Use Optimized Zlib-Intel to Build clrcompression.dll

bjjones commented 9 years ago

Summary Intel has developed an optimized version of Zlib that includes architecture specific optimizations and algorithmic changes to improve the included deflate() and crc32() functions. Since System.IO.Compression calls out to these functions through clrcompression.dll, I suggest that Zlib-Intel to be used to build clrcompression.dll.

Test Results I have compiled the library myself, and by renaming the .dll to clrcompression.dll and replacing the clrcompression included with .NET Core, I see an improvement of 20-30% when doing compression using GZipStream on an Intel® 5th Generation Core (tm) i5 Processor based system, as well as on an Intel® Xeon® Processor E5 v2 Family based server system. The gain comes entirely from the optimized deflate() function.

Link The developer of Zlib-Intel has provided support for VS Intrinsics here: https://github.com/jtkukunas/zlib/tree/win32_nmake

OtherCrashOverride commented 9 years ago

The gain comes entirely from the optimized deflate() function.

Looking at the patch, it replaces a managed CRC version with a native CRC version in zlib. Surely this alone is responsible for a portion of the performance delta.

Perhaps a better name for this proposal is "Use native zlib CRC32 instead of managed implementation."

stephentoub commented 9 years ago

Looking at the patch

I think there's some confusion here, in that I don't think the PR and this issue are directly related.

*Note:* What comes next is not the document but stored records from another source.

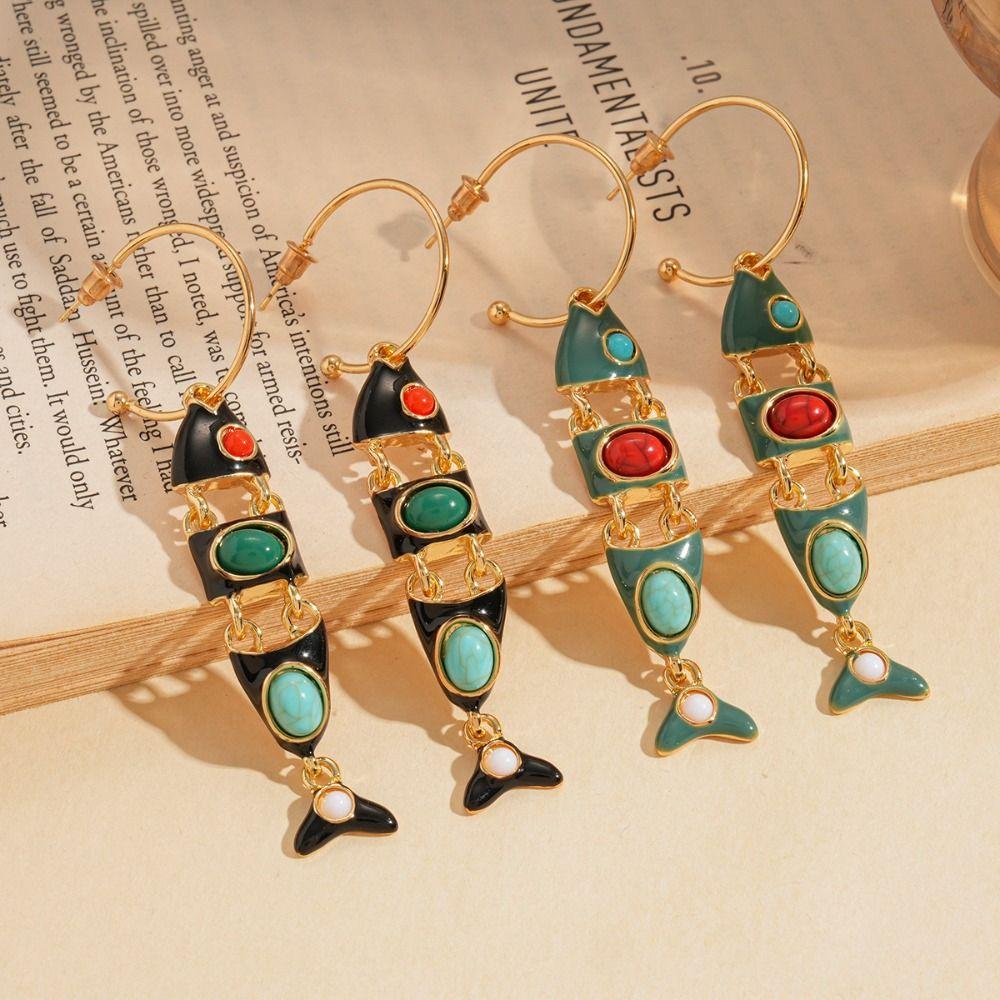 Gothic Ethnic Style Earrings Vintage Enamel Dangle Earrings Little Fish Earrings  Festival Jewelry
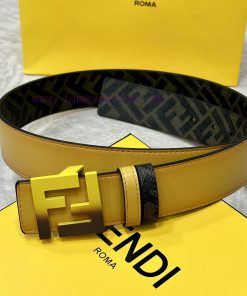 FENDI FendiFull set of the same width 4.0CM double ring front and back waist belt FF nail bu jyy7k6an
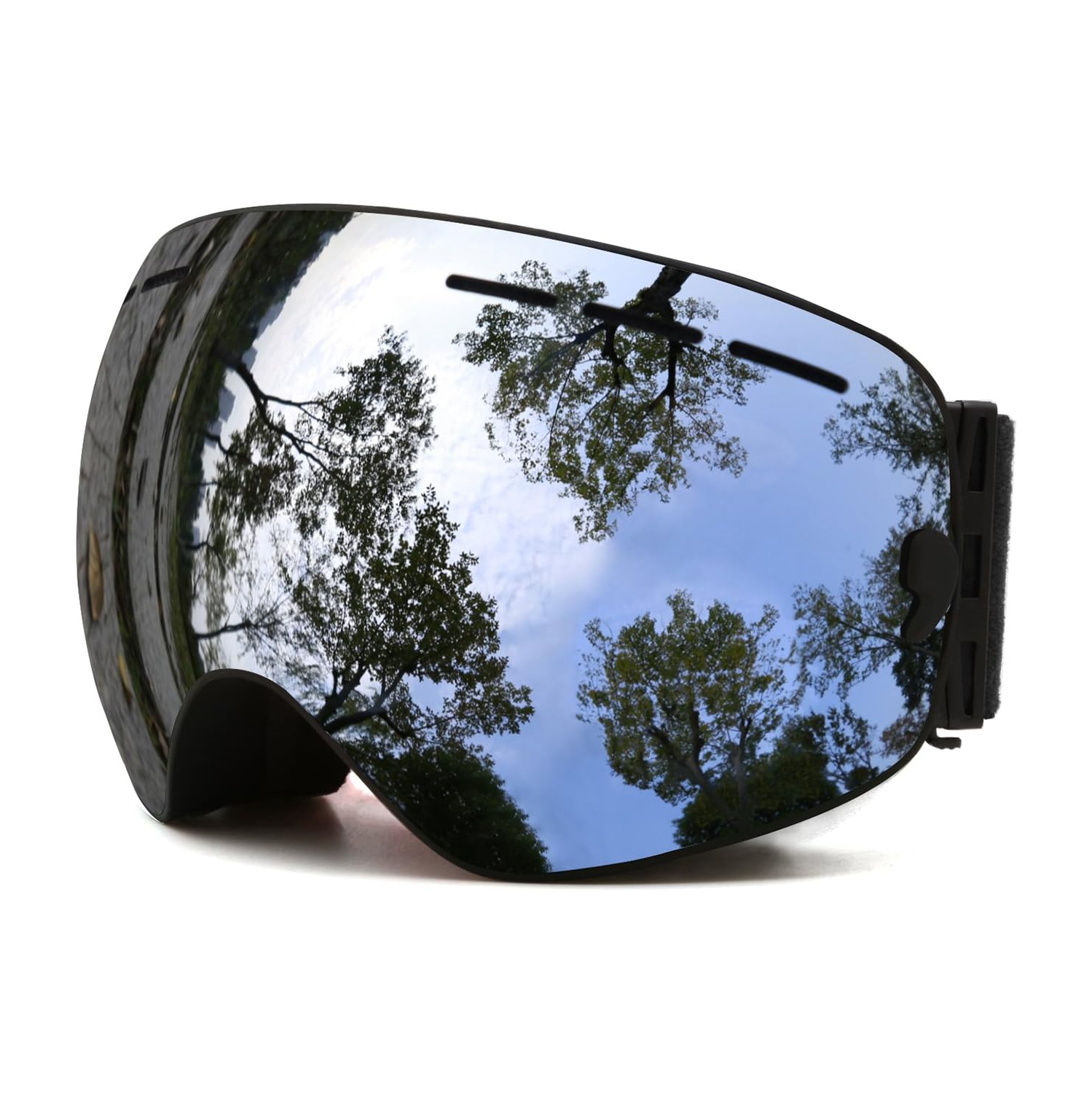 Ski Goggles,Winter Snow Sports Snowboard Goggles Youth & Men Women Skiing Skating Snowmobile,Black Frame/Mirror(vlt18.5%)lens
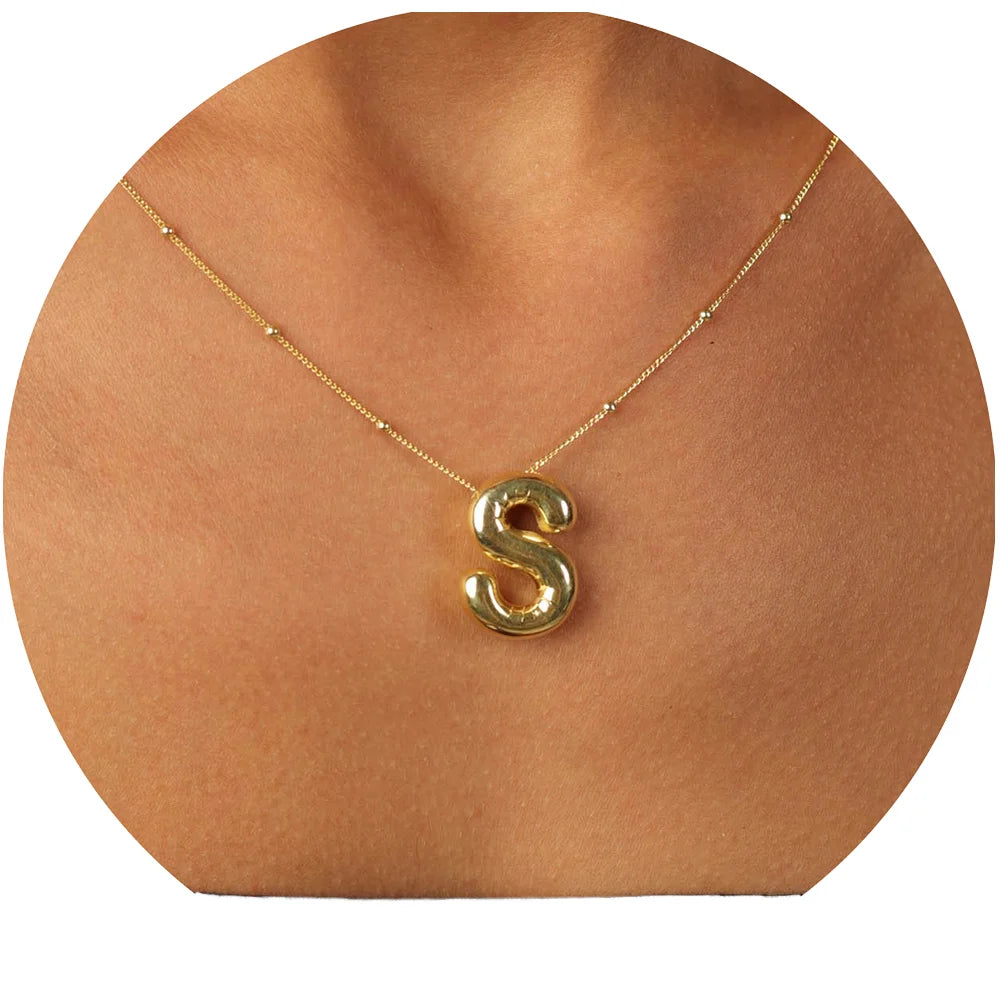 Personalized Fashion Bubble Letter Pendant Necklace Custom 18K Gold Plated Stainless Steel 26 Initial Alphabet Necklace Jewelry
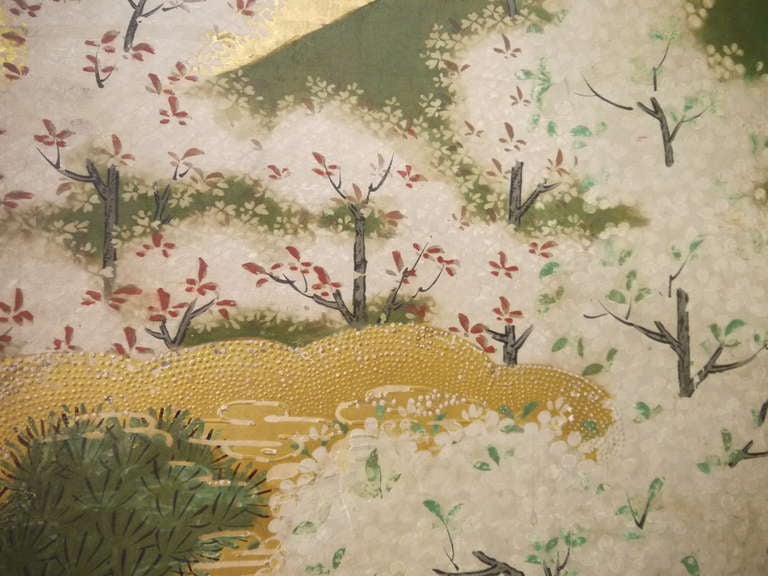 18th Century and Earlier Edo Period Six Fold Japanese Screen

My understanding is that in this issue @bjjones is proposing ditching clrcompression.dll (the native zlib binary that System.IO.Compression P/Invokes to on Windows) and replacing it with a different zlib implementation, one optimized by Intel. His performance results are based on comparing that newer zlib with the current clrcompression.dll (which is also based on an older zlib source I believe).

Separate from that, his recent PR updates the crc32 calculation in the library to use the crc32 function from clrcompression.dll; that change is unrelated to this proposal, other than tangentially. Once updated to P/Invoke to native for the crc32 function, then any improvements that came from an improved native binary would show up as well.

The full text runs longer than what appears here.